Mongoose supports a variety of aggregate functions that you can use to calculate values, such as average, maximum, and minimum. Here’s how you might use these:

...

async function calculateStats() {
  const productStats = await Order.aggregate([
    {
      $group: {
        _id: '$productId',
        maxQuantity: { $max: '$quantity' },
        minQuantity: { $min: '$quantity' },
        avgQuantity: { $avg: '$quantity' }
      }
    }
  ]);

  console.log(productStats);
}

calculateStats();

For each product ID, this pipeline calculates the maximum, minimum, and average quantity.

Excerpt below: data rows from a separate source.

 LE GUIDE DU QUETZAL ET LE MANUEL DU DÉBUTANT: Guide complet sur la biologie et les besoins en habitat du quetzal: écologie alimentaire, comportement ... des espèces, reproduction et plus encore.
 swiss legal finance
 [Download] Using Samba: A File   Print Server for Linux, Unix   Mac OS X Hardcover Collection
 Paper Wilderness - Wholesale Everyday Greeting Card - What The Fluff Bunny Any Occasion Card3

Advanced Aggregation Patterns

For more complex scenarios, such as when needing to perform actions akin to SQL’s JOINs, you’ll likely need to make use of the $lookup operator and multiple stages. This requires careful structuring of your pipeline stages.

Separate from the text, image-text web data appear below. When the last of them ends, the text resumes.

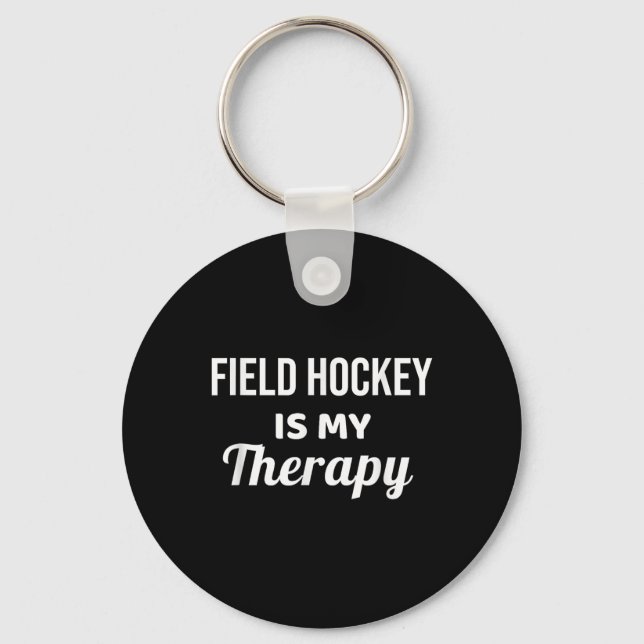 Field Hockey Is My Therapy  Key Ring (Front)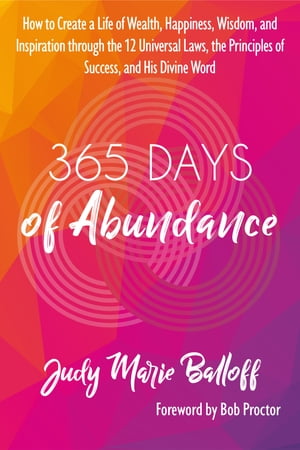 365 Days of Abundance How to Create a Life of Wealth, Happiness, Wisdom, and Inspiration through the 12 Universal Laws, the Principles of Success, and His Divine Word【電子書籍】 Judy Marie Balloff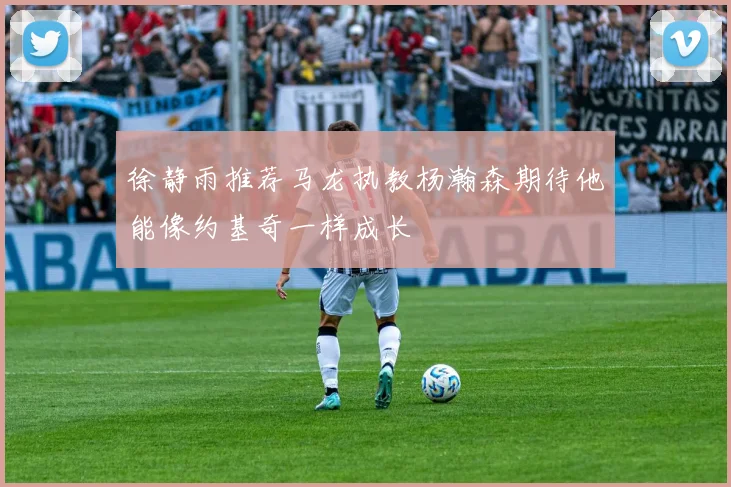 徐静雨推荐马龙执教杨瀚森期待他能像约基奇一样成长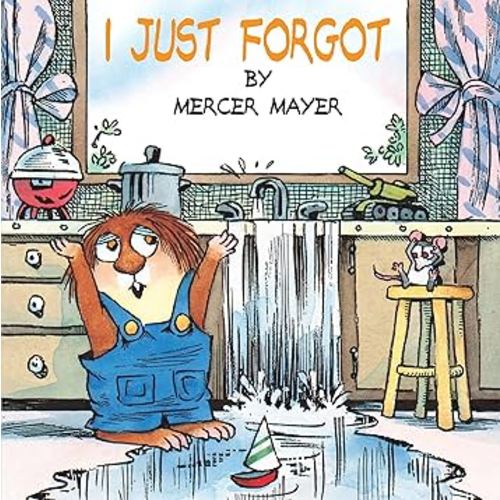 I Just Forgot (A Little Critter Book)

Let’s look at an example where we might join ‘orders’ with a ‘products’ collection:

...

async function joinCollections() {
  const orderProductInfo = await Order.aggregate([
    {
      $lookup: {
        from: 'products', // This should be the MongoDB collection name
        localField: 'productId',
        foreignField: '_id',
        as: 'productInfo'
      }
    },
    {
      $unwind: '$productInfo'
    }
  ]);

  console.log(orderProductInfo);
}

joinCollections();

This code enriches each order with information from corresponding products. The $unwind stage is used to deconstruct the arrays resulting from the join to allow for further operations, such as grouping.

Conclusion

To sum up, MongoDB’s aggregation framework, accessed via Mongoose in a Node.js application, offers a rich and versatile toolkit for grouping and summarizing data. Although it differs from SQL’s GROUP BY semantically and syntactically, it fulfills the same core need and beyond, due to its capability to handle more sophisticated tasks through a series of processing stages called a pipeline. As with any complex system, there is a learning curve, but with practice, you’ll likely find MongoDB’s aggregation capabilities equally as powerful, if not more so.

While this tutorial covered basics to more complex uses, exploring the remaining aggregation operators like $project, $addFields, $reduce, and many others is a beneficial continuation of learning Mongoose and MongoDB. Be sure to reference the official Mongoose documentation for the latest features and syntactic nuances as you expand your aggregation toolkit.